KB: What do you think of the job Isaiah Thomas has done with the Knicks this year?

He wasn’t shy. Being decisive is usually a good thing, but his history in charge generally concerns me. So, picking up Marbury is a nice thing. Marbury is a very good piece to have. I just don’t know if the baggage of the other players, plus the losses were worth it if he’s trying to build a championship team. It’s more important that Isiah know how to follow up the moves he has made than just standing on what he’s got. So he gets a big Incomplete at this point.

KB: If you had to, where would you rank Stephon Marbury among today’s point guards?

Jason Kidd is solidly above him. Otherwise, he is in a class of points who are quite good (Nash, Parker, Billups, Cassell, Payton, and I’m sure I’m forgetting someone). Marbury is the best on the offensive side, but his defense lacks. Intangibly, he’s worn out his welcome a few times now and that matters.

KB: In your opinion, what player (current or former) is Nazr Mohammed most similar to? In the best case scenario what player could he aspire to become?

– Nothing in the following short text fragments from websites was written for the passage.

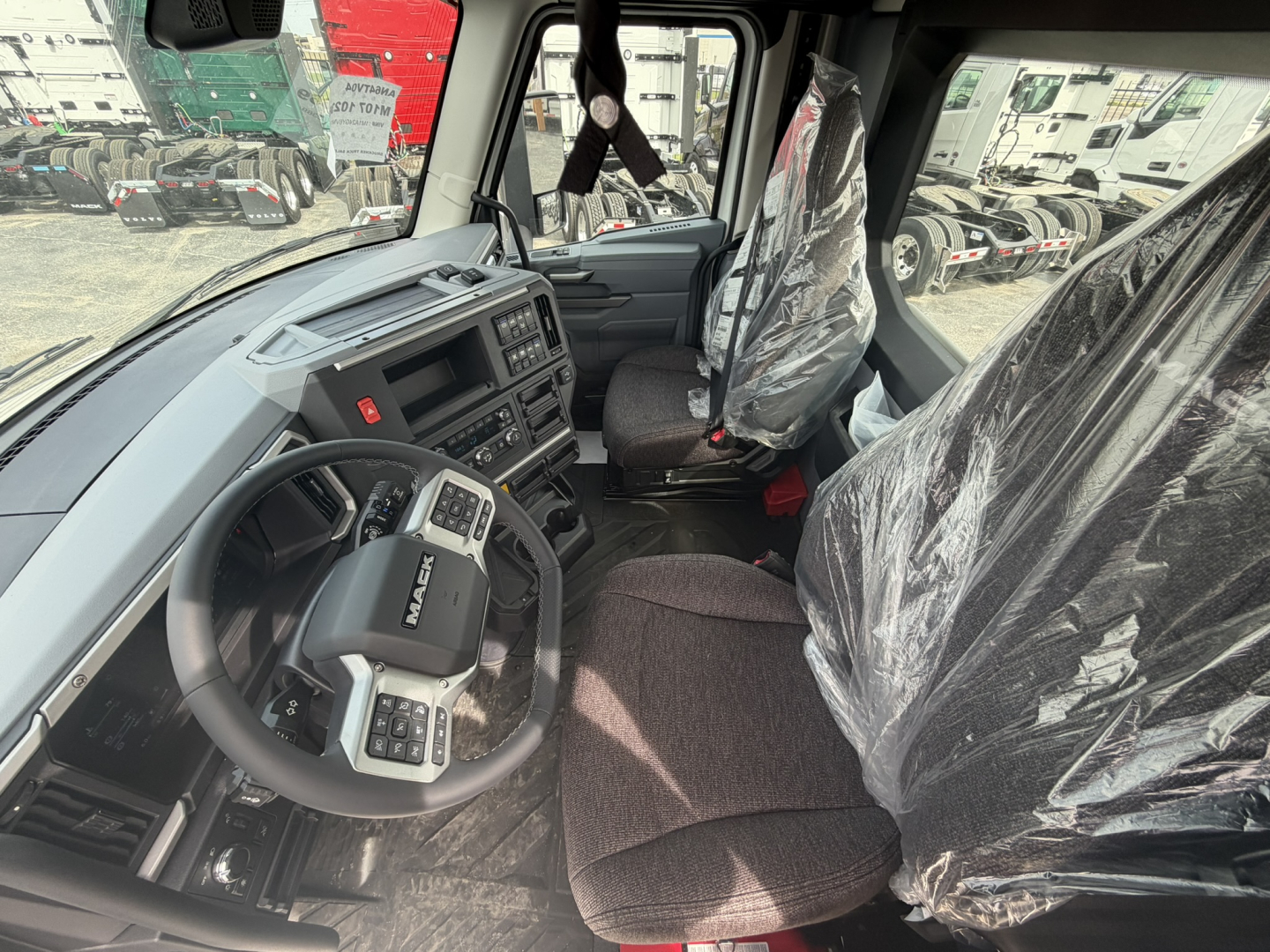 Mack AN64T cab interior showing steering wheel and dashboard with wrapped seats in plastic.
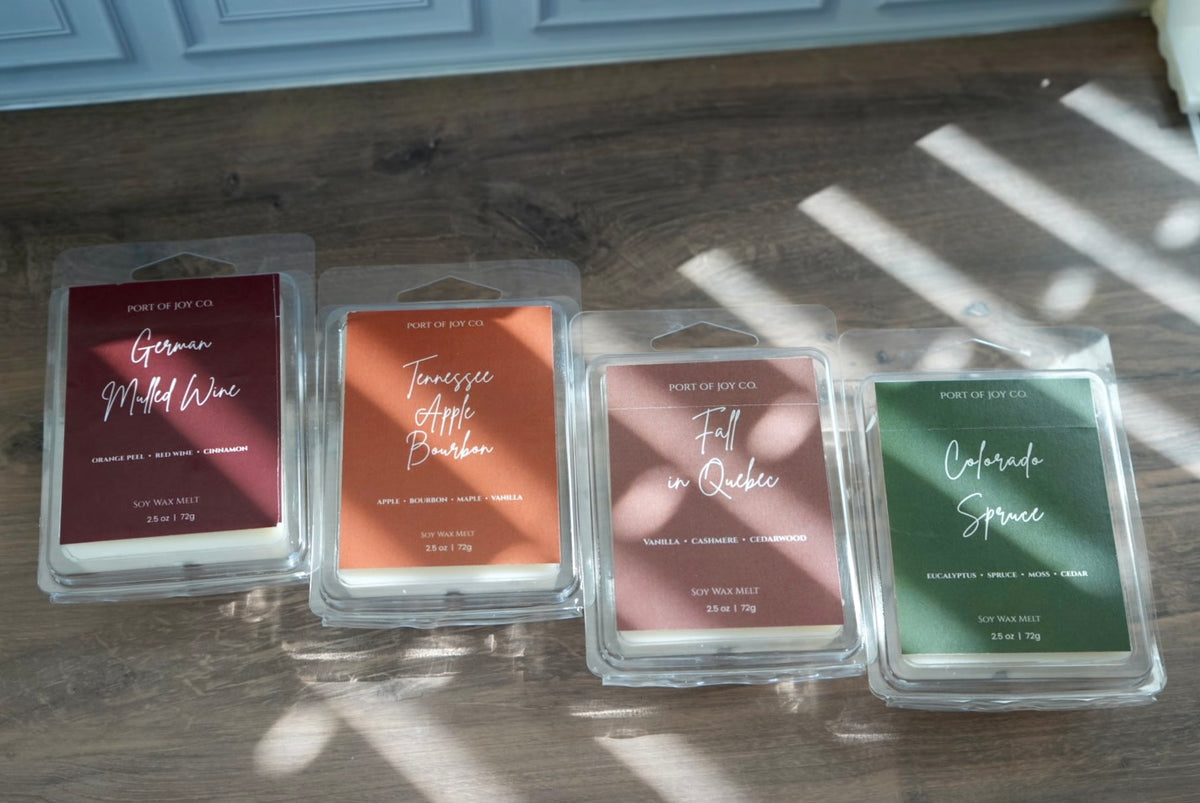Four wax melts in clear plastic clamshell packaging arranged on a wooden floor.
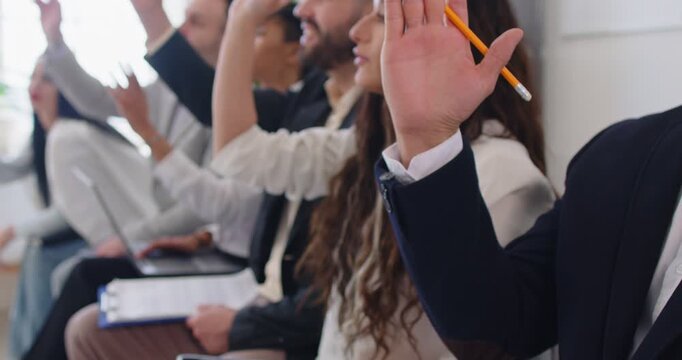 Team business people raise hands during office meeting or presentation, eager to ask questions, sparking group engagement, turning the work environment into a dynamic arena of interaction and inquiry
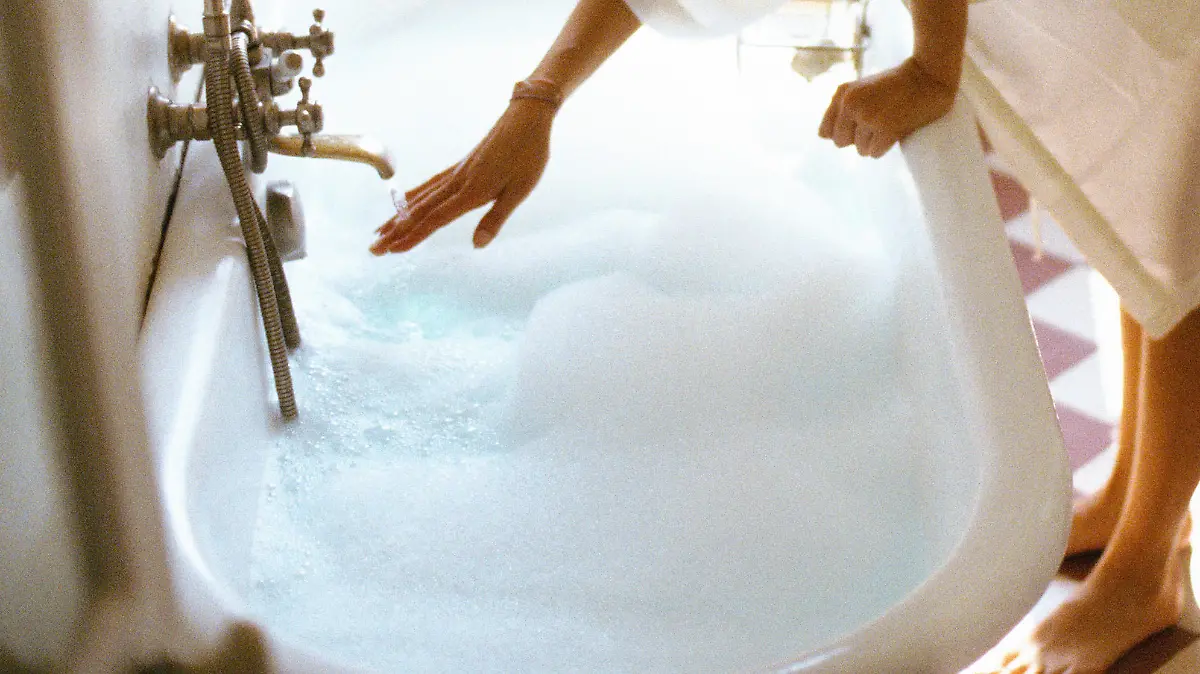 Frau läßt die Badewanne volllaufen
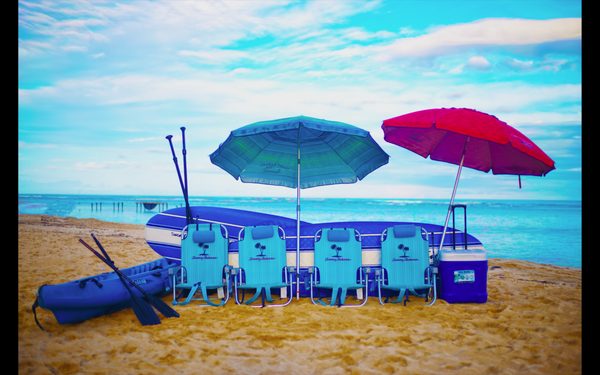 Oahu Beach Gear Rentals- Great Package for the whole family. 2 stand up paddle boards, double kayak, beach chairs, cooler and umbrellas.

Curious that you ask that. Curious that the Knicks really valued him. One of my techniques for looking for players is to look at successful players in the league and see what guys are modestly similar to them who may not be getting much time. Mohammed came out modestly similar to a couple prominent big men in a study I did for the Sonics. I think Garnett or Duncan was one. But I have sooo many numbers that suggest he just isn’t going to end up good that I discarded him as a legit possibility. I did all that right before the trade, so I found it very coincidental. Best case: he might be Jamaal Magloire. He just can’t consistently score inside.

KB: Is Kurt Thomas worth $30 over 4 years, or could the Knicks have gotten similar production out of a cheaper and younger player?

Kurt Thomas is serviceable. He’s not a bad player. But he’s just not someone I see as a significant component of a championship team. It’s a risk to go after a younger player, but I would have taken that risk.

One final question:
KB: What do you like best about the Knicks?

Weeellllll, I do tend to root for Lenny Wilkens. He may be old-school and not care about the kind of work that I do, but he’s always seemed like a decent guy.